Overcharging  bukanlah hal yang baru. Kasus ini berawal  dan di ketahui seharusnya BMI sebelum berangkat dan   proses pra penempatan,  sudah ada regulasi yang mengatur biaya proses penempatan  masing- masing  di negara penempatan dan hal tersebut seharusnya tertuang di perjanjian penempatan ( perjanjian antara PJTKI dan Calon BMI )  yamg mengatur  komponen besaran biaya penempatan dengan mekanisme potongan gaji atau yang lainnya. Dan regulasi tersebut memberikan batasan biaya penempatan antara yang sydah pernah bekerja ke Hong-Kong (ex)  dan yang masih baru (non), tapi pada praktiknya berdasarkan  kasus yang diadukan ke SBMI Hong –Kong dan di tanganinya tidak ada perbedaan nominal antara yang Non dan yang Ex semuanya di pukul rata serta semua kasus yang di tangani oleh SBMI Hong –Kong tidak memiliki salinan Perjanjian Penempatan.  Meski tidak semua BMI  mengalami overcharging, akan tetapi dugannya adalah setiap BMI dikarenakan tidak ada sosialisasi dan informasi terkait biaya penempatan yang sudah di tetapkan oleh pemerintah   pasti mengalami overcharging. Permasalahan  ini sebenarnya telah dirasakan sangat memberatkan oleh BMI. Hanya saja sejauh ini tidak ada yang melapor permasalahannya. Bahkan aparat pemerintah sendiri belum tentu memahami kasus ini. Mekanisme yang lazim terjadi adalah pemotongan gaji BMI sebanyak 2-7 bulan gaji. Nilainya pun bervariasi, antara 30 – 75 persen dari gaji yang diterima oleh BMI. Padahal pemerintah telah mengaturnya melalui keputusan menteri ketenagakerjaan untuk menertibkan pembebanan biaya ini. Akan tetapi baik PPTKIIS ataupun agensi yang berada di negara penempatan telah sepakat untuk melanggarnya.

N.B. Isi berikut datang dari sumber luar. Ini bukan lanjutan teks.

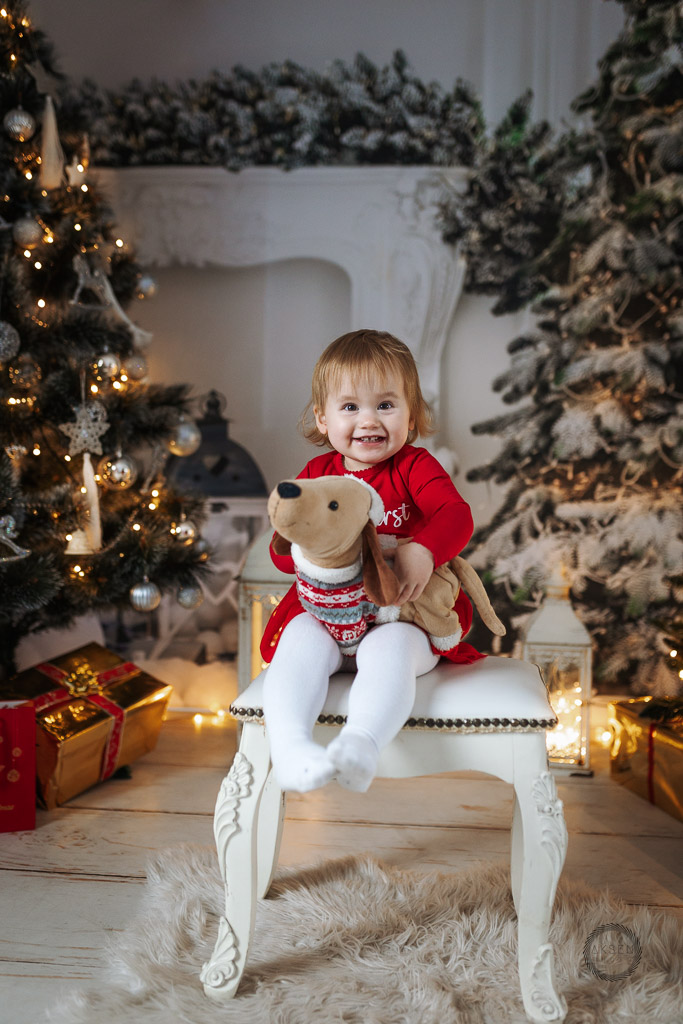 Sesje świąteczne rodzinne 09.11.2024-8S2A8056-AKSEN PHOTO Sesje Swiateczne Rodzinne 09.11.2024 8S2A8056 AKSEN PHOTO fotograf Szczecin Aksen Photo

Kasus overcharging  menguat kencang ketika SBMI Hong Kong melayangkan gugatan kepada dua agensi di Hong Kong yang telah melakukan overcharging. Sebenarnya ada … agensi yang digugat, akan tetapi pengadilan perburuhan setempat menjatuhkan sangsi kepada dua agensi saja. SBMI Hong Kong bertindak atas nama kuasa … pelapor yang merasa dirugikan oleh agensi tersebut. Tidak sampai di situ, kasus overcharging juga merembet kepada PPTKIS yang telah merekrut dan memberangkatkan BMI. Terdapat 26 PPTKIS yang dijatuhi tunda layan oleh BNP2TKI. Gugatan dilayangkan oleh DPN SBMI yang bertindak atas 93 pemberi kuasa substitusi yang mengalami overcharging. Kasus pun berlanjut, para pelapor dan keluarganya mengalami intimidasi dari PPTKIS yang mengalami sangsi berupa tunda layan. Oleh sebab itu, perlunya upaya perlindungan hukum kepada BMI pelapor dan keluarganya dalam kasus ini.

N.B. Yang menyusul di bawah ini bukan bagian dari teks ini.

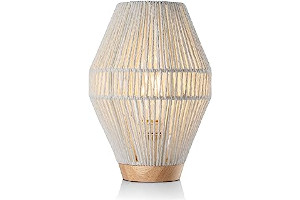 Lamparas Para Mesitas De Noche Rusticas 71sIDHpvRbL._AC_UL320_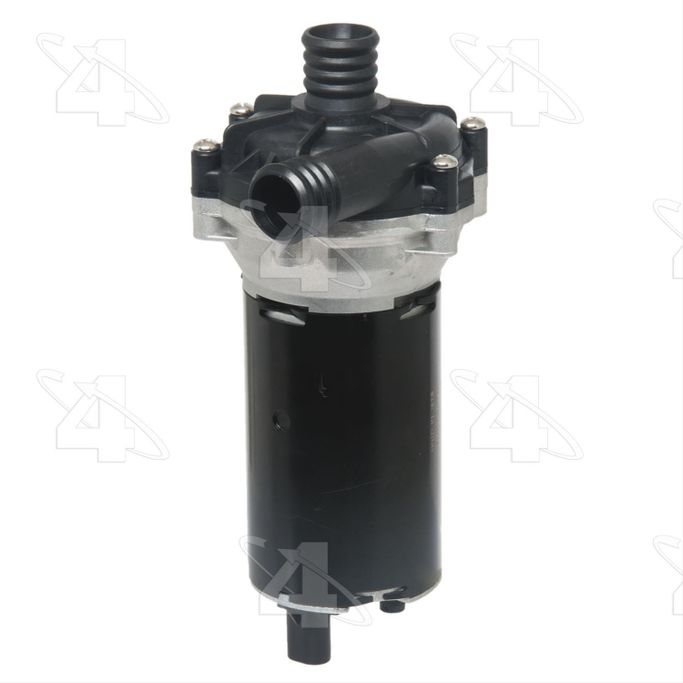 FSS-89029, Four Seasons Electrical Water Pumps 89029 in UAE, Dubai. Condition - new. Price 970 AED. Photo, seller contacts | AUTO.AE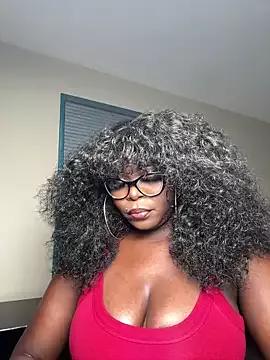 WomanNextdoor1 from StripChat is Freechat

Dalam memeringati 1 tahun berdirinya SBMI Hong Kong, kami ingin mengajak kepada seluruh BMI yang merasa mengalami kasus overcharging untuk tidak takut melapor. Peringatan ini juga ingin membangun gerakan dan kesadaran bersama dalam konteks hubungan industrial dan berlangsungnya revisi UU pekerja Indonesia di luar negeri. Oleh sebab itu, semangat perjuangan tidak hanya sampai pada semangat solidaritas saja. Akan tetapi perlu sebuah wadah untuk mewujudkan kehendak dan tujuan bersama untuk BMI yang lebih bermartabat dan mandiri.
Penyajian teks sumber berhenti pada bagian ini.